Shaman
I'm posting this following a conversation I had with the botanist John Parker (Director, Cambridge University Botanic Garden, 1996-2010) after a public reading from the book Deciphering Ancient Minds: The Mystery of San Bushman Rock Art by David Lewis-Williams and Sam Challis (Thames & Hudson, 2012). The South African San "bushmen" and their culture are a particular interest of John's, and we briefly chatted about investigations into the neuropsychological roots of shamanic/mystic/ecstatic experiences in different cultures and ages.
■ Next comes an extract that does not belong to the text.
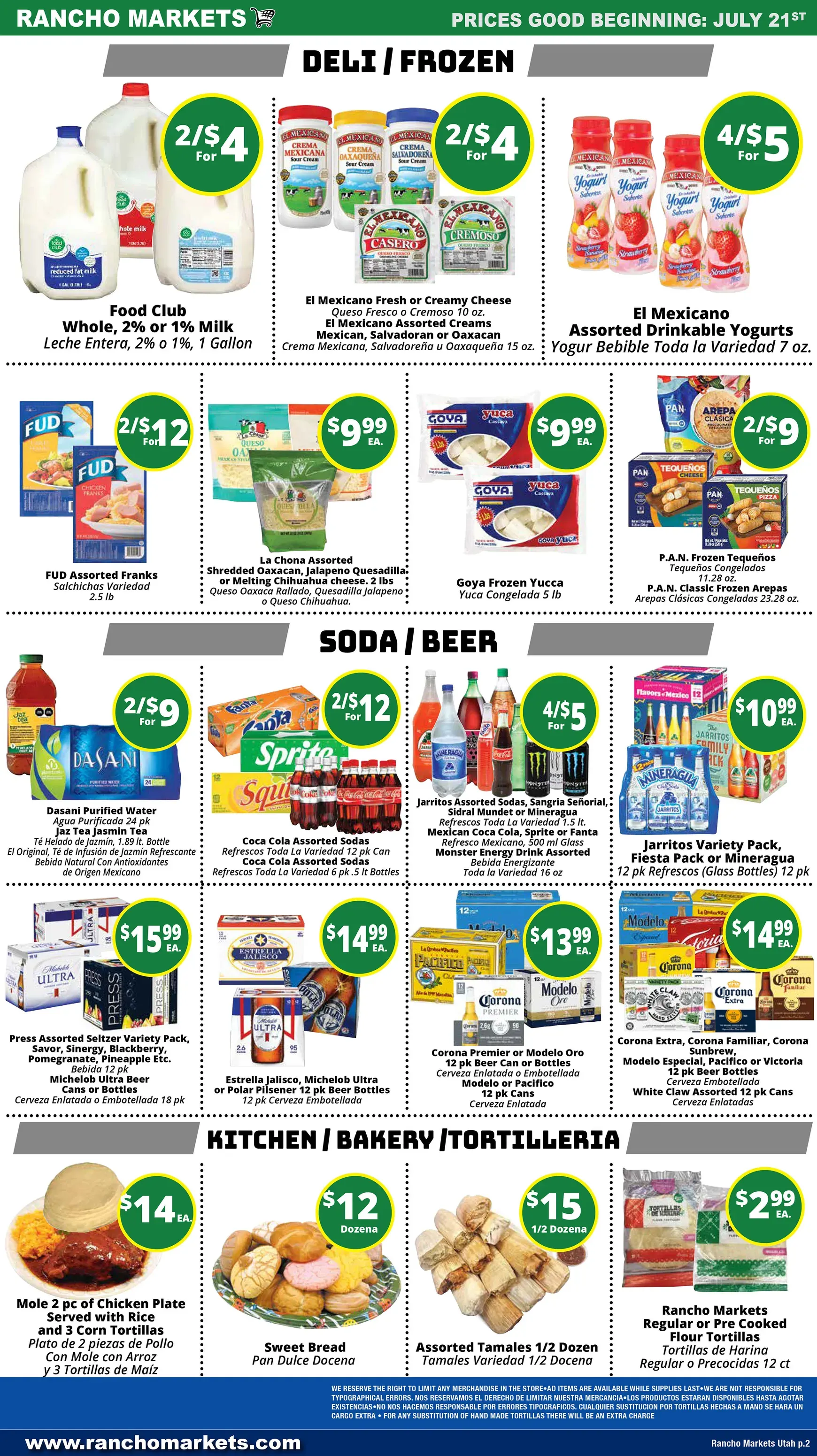 Weekly ad Current Rancho Markets leaflet valid from Tuesday 07/21/2026 to Monday 07/27/2026 from July 21 to July 27 2026 - Page 2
As a botanist, John is particularly fascinated by the effects of (ahem) "psychoactive substances" in tribal ritual - he's made quite a study (academic ONLY tho'!). Although I'd never heard of the San, this encounter reminded me of a piece I'd penned many years ago, when I was trying to immerse myself in such ethnological/anthropological material. Quite like this poem still; the original dedication "for JDM, Lizard King (1943-71)", seems absurdly arch and studenty to me now, but I like the impressionistic physicality of the images a lot.
___________
Shaman
The leap, the whirl,
the looked-for loss
of soul in rifted sky.
Palms parched
and congregant lips,
here’s hallowed-hollow
drums and rattles;
vessels for catching
the scampering
half-moon selves in.
The ecstatic-panicked
timbrel jingling
strips his body
for another skin
of visceral heaven.
As sex falls away
from motley-minded him
so the potent atomed air
powers through,
gender fusing
from his earth-bonded vacuum
something akin
to angels soaring:
up to heights unheard of,
unformed by any lips.
He thrashes it out
with awkward devils,
struts through elements
splitting apart.
Ancestors twitching
in his eyes and limbs,
he makes magic of an instinct
the maddening skin’s
divinity holds taut.
David Redfield
Thu 29th Aug 2019 08:33
Wow ... Keats! ... are you sure, Devon? I'm stunned and bowled over by the comparison. Keats is one of my idols. I'm highly flattered, and hadn't seen this piece as "ekphrastic" in the sense that I understood it, but I've gone back to my literary terms, and Googled it. Seems to fit, yes.
Thank you so much for this lavish praise.